There are surf schools all over the island, so just do a search for what you’re after. If you’re looking to go out, like we did, for a few hours, or if you refuse to leave the island until you learn how to surf and need to surf all week, there is an option for everyone.
Although we didn’t attempt to kitesurf, I’ve long heard that the Canary islands provide some of the best conditions for epic kite surfing.
Scuba diving! I have long wanted to try this. We did an introductory lesson and then the next day decided to try to swim the underwater art installation Museo Atlántico Lanzarote. My husband did both and really enjoyed himself. I however did not.
The first day, I was taken with how heavy the scuba equipment was and how uncomfortable the weighted belt was. I definitely enjoyed swimming underwater, watching the fish and as we were only 2 metres under the surface, I felt fine. Until my throat felt so dry from the oxygen and I was terrified I would start coughing.

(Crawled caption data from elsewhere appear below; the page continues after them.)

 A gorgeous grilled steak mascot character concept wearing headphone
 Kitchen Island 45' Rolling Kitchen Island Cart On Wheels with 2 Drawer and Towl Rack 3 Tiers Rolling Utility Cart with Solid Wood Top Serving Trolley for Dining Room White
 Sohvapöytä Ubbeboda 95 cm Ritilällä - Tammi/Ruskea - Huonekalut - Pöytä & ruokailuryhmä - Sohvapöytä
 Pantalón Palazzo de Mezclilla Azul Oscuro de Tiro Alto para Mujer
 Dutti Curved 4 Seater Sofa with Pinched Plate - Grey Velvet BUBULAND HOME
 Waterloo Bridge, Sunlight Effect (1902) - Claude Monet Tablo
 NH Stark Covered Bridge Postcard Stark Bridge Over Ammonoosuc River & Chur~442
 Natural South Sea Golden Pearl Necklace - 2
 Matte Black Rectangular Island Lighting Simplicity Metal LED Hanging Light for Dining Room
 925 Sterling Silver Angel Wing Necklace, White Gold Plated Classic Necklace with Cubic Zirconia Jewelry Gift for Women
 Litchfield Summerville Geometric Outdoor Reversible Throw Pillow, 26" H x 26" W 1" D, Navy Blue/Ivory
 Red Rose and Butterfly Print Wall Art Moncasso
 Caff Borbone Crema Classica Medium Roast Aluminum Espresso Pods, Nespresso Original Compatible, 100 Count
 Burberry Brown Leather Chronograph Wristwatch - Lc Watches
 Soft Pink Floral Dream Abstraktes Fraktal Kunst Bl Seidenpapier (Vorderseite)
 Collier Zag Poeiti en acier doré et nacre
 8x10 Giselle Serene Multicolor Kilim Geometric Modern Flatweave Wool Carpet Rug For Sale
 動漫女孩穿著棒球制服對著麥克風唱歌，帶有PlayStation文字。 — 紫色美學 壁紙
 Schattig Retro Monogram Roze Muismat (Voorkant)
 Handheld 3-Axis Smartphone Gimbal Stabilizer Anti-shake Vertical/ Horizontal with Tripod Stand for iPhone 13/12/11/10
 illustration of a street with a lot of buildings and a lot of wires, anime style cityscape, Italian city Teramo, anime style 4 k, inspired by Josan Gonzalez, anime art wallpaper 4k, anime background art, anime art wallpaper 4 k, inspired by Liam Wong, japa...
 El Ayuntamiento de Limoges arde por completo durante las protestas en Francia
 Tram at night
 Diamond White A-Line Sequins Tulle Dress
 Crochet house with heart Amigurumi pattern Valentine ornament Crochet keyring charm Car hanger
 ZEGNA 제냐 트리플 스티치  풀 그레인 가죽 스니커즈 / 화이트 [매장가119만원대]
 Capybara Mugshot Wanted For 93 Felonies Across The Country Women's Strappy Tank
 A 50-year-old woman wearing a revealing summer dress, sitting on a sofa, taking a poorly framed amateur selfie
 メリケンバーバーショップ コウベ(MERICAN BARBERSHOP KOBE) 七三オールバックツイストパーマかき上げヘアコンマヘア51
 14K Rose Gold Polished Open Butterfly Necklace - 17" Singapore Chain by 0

I really wanted to see the Museo Atlántico Lanzarote underwater art installation, so we attempted to go the next day. However, it was much deeper than I had been led to believe and I didn’t feel safe. I had painful pressure in my ears and was once again worried about my throat.
My husband went and was able to enjoy the underwater statues. I went back to the boat and heard some hilarious stories, tales of dives gone wrong, and life on Lanzarote from the boat driver.
I love to swim and would have spent hours snorkeling in an underwater art installation if it had been shallower. But, I really don’t think I’ll ever be able to scuba dive. Something about the oxygen, my throat, and ear pressure made me really nervous- although, I rarely have a problem with my ears when flying…so I don’t know.
If I do try again, I will take my time with an in-pool scuba diving course. There are so many things that you only learn by experience. It’s less scary to learn those things in a controlled environment.
If you have any trace of a cold or headache, allergies, throat irritations, you probably shouldn’t dive.
So, we took a greyhound like bus up through the volcanos at Timanfaya National Park, and I have to say it was one of the scariest things I have ever done. The roads are narrow, and the bus driver went fast. At some points, I couldn’t look out the window as I couldn’t for the life of me understand how the bus had not tipped over. However, upon reaching the top, we saw a geyser spouting from the ground, grabbed a snack, and shopped for souvenirs.
Lanzarote is definitely a place I would like to go back to. Maybe even stay for the summers and try my luck at surfing again with my son. There are 6 vegan and vegetarian restaurants and almost 80 places offering some kind of veg options. We went to a few places including, The V Factor, which was fantastic. But, it looks like there are some nice new places so we’ll make a repeat visit soon.